Netanyahu, seçim kampanyası boyunca
özellikle Hamas‘a karşı sert söylemiyle ön
plandaydı. Netanyahu İsrail‘in Gazze saldırılarının
erken bitirildiğini savundu ve iktidara
gelirse Hamas'ı yoketme vaadinde bulundu.
İran‘a karşı sert tutumuyla da dikkatleri üzerine
toplayan Netanyahu, Davos zirvesinde yaptığı
konuşmada, İran'ın nükleer silaha sahip olmasını, küresel
mali krizden daha büyük bir tehdit olarak niteledi.
Netanyahu, Filistin sorunundaysa iki devletli çözüm yerine
ekonomik çerçevede bir çözümden yana.
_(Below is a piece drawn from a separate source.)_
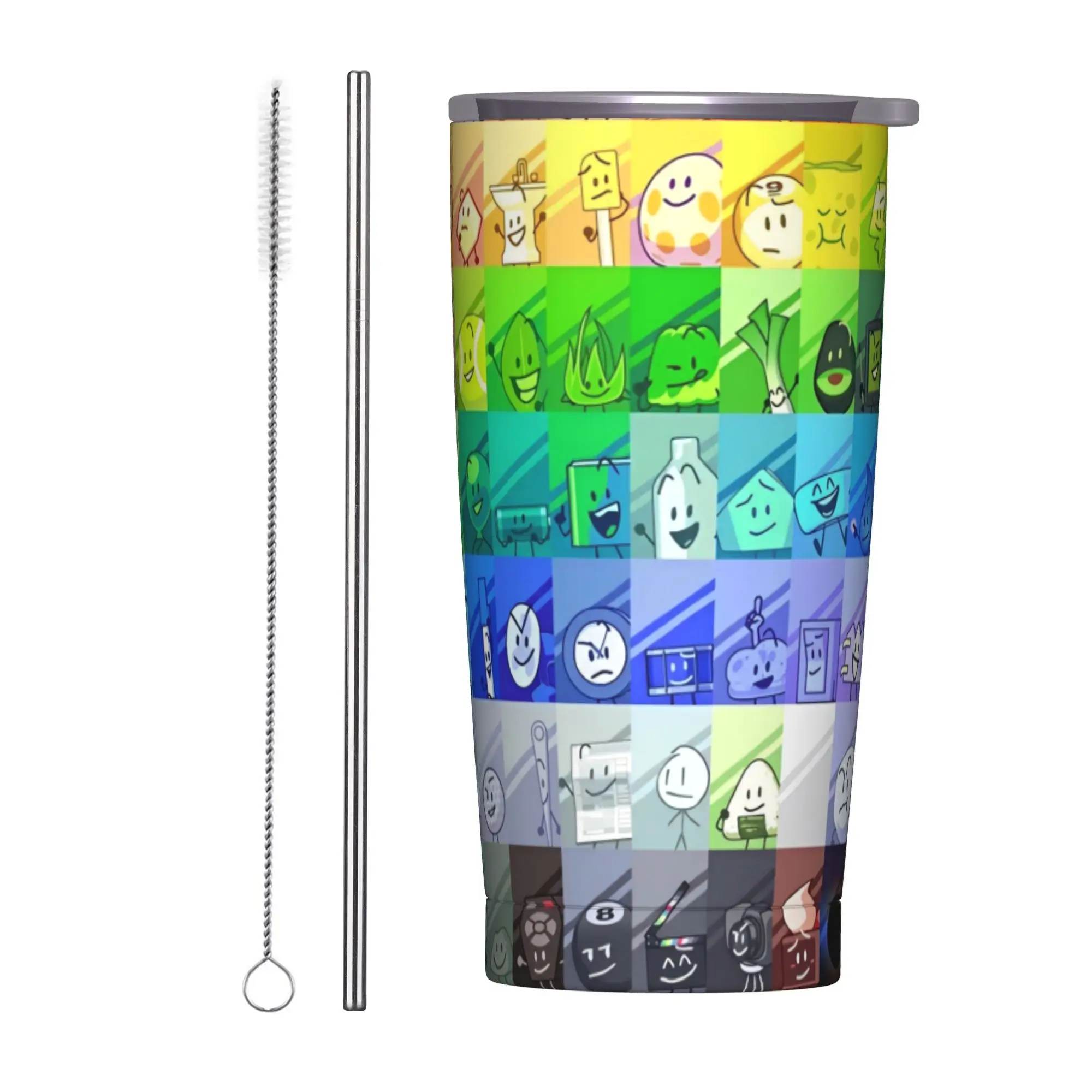 BFDI Inanimate Tumbler Vacuum Insulated Battle for Dream Island Coffee Cups Stainless Steel Home Mugs Hot Cold Drink, 20oz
Öncelikle “ekonomik
barış” yapılması gerektiğini savundu. Netanyahu,
seçim kampanyası sırasında aşırı radikal isimleri parti listesinden
çıkarırken, Filistinlerle barış müzakerelerini
sürdüreceği ve Filistin topraklarında yeni Yahudi
yerleşim birimleri kurmayacağına dair söz verdi.
YOLSUZLUK DOSYALARI
Netanyahu 2016 yılında İsrail polisinin takibine takıldı.
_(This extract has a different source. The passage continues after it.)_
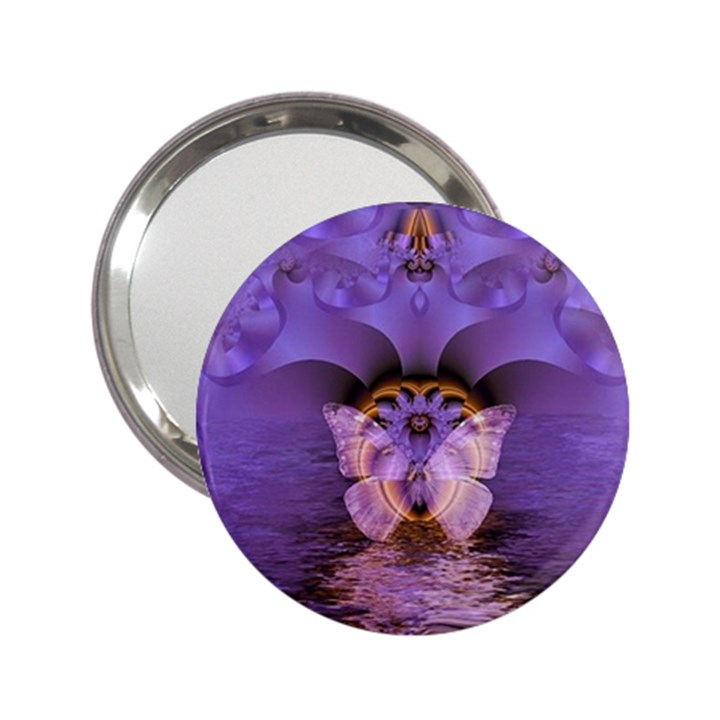 Artsy Purple Awareness Butterfly Handbag Mirror (2.25 )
Hakkında yolsuzluk soruşturması açılan Netanyahu, 3 ayrı
dosyadan yargılanacak. Yolsuzluk, görevi kötüye kullanma ve
rüşvet soruşturması kapsamında Netanyahu’ya yönlendirilen
suçlamaların dosyasında, “Bezeq” isimli telekomünikasyon şirketinin
sahibi Shaul Elovitch, İsrailli Hollywood film
yapımcısı Arnon Milchan, Avustralyalı milyarder
James Packer ve Yedioth Ahronoth gazetesinin
sahibi Arnon Mozes’in de isimleri geçiyor.
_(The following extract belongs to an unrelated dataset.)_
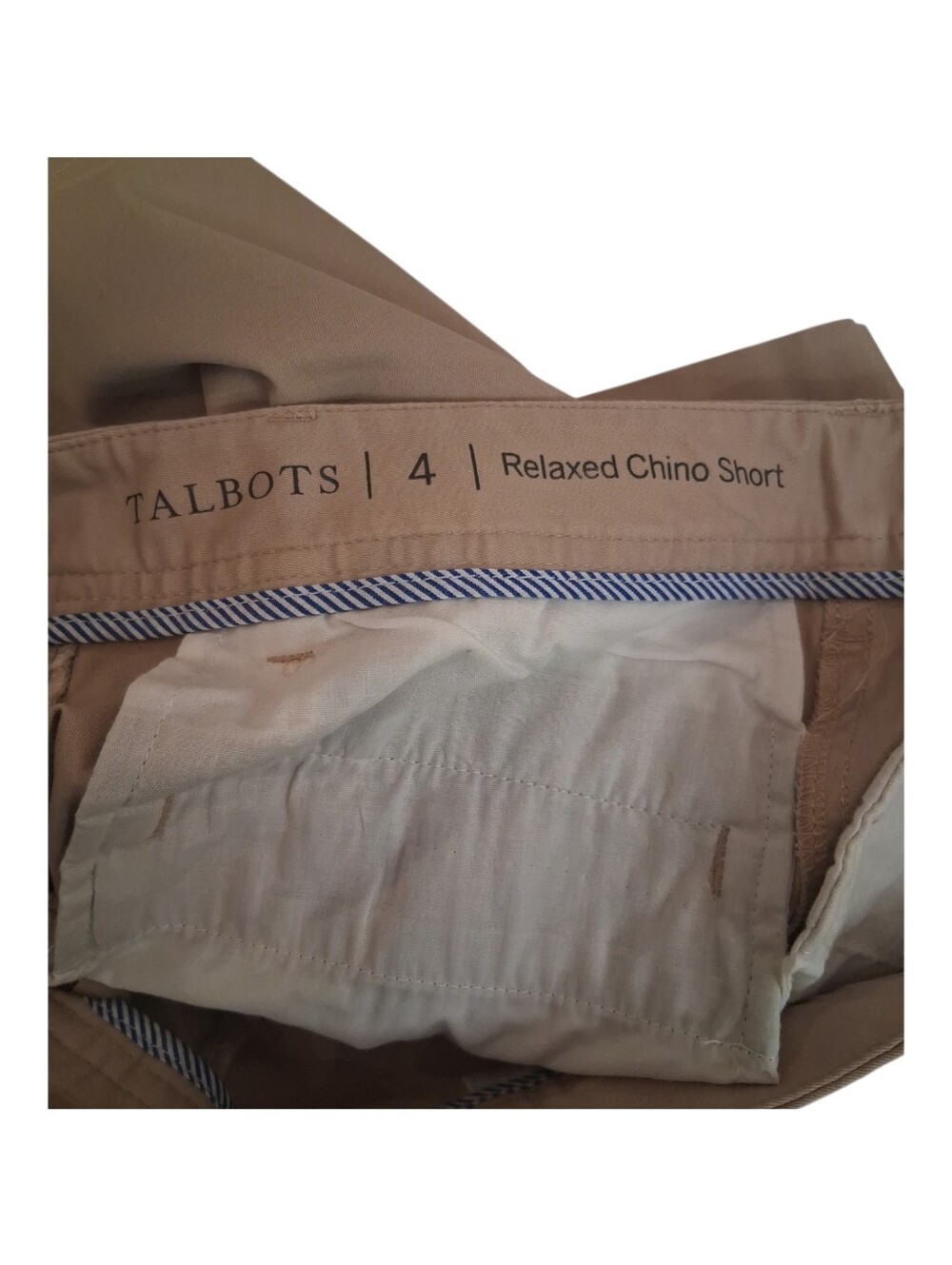 2 Pair Talbots Khaki & Mint Green Relaxed Chino shorts 6" Size 4 - Picture 6 of 7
Suçlamalar arasında en dikkat çekeni ise Netanyahu’nun “Bezeq” adlı telekomünikasyon şirketinin bünyesinde barındırdığı “Walla News” adlı internet sitesinde, kendisi ve ailesi lehine haberler yapılması karşılığında şirkete 276 milyon dolar değerinde mali imtiyaz sağlamasıdır. Diğer taraftan rüşvet ve görevi kötüye kullanma kapsamında ele alınan dosyada ise Netenyahu’nun siyasi fayda karşılığında hediye adı altında İsrailli Hollywood film yapımcısı Arnon Milchan ve Avustralyalı milyarder James Packer’dan 283 bin dolar değerinde şampanya, puro, mücevher ve uçak bileti aldığı iddia ediliyor. Ayrıca, Arnon Mozes’in sahip olduğu gazetenin yayın politikasının Likud partisinin lehine olacak şekilde değiştirmesi karşılığında, gazetenin rakibi olan İsrael Hayom gazetesinin rekabet gücünü azaltmaya yönelik yasal düzenlemelerin hükümet tarafından geçirilmesi konusunda anlaşıldığı sunulan dosyada yer alıyor.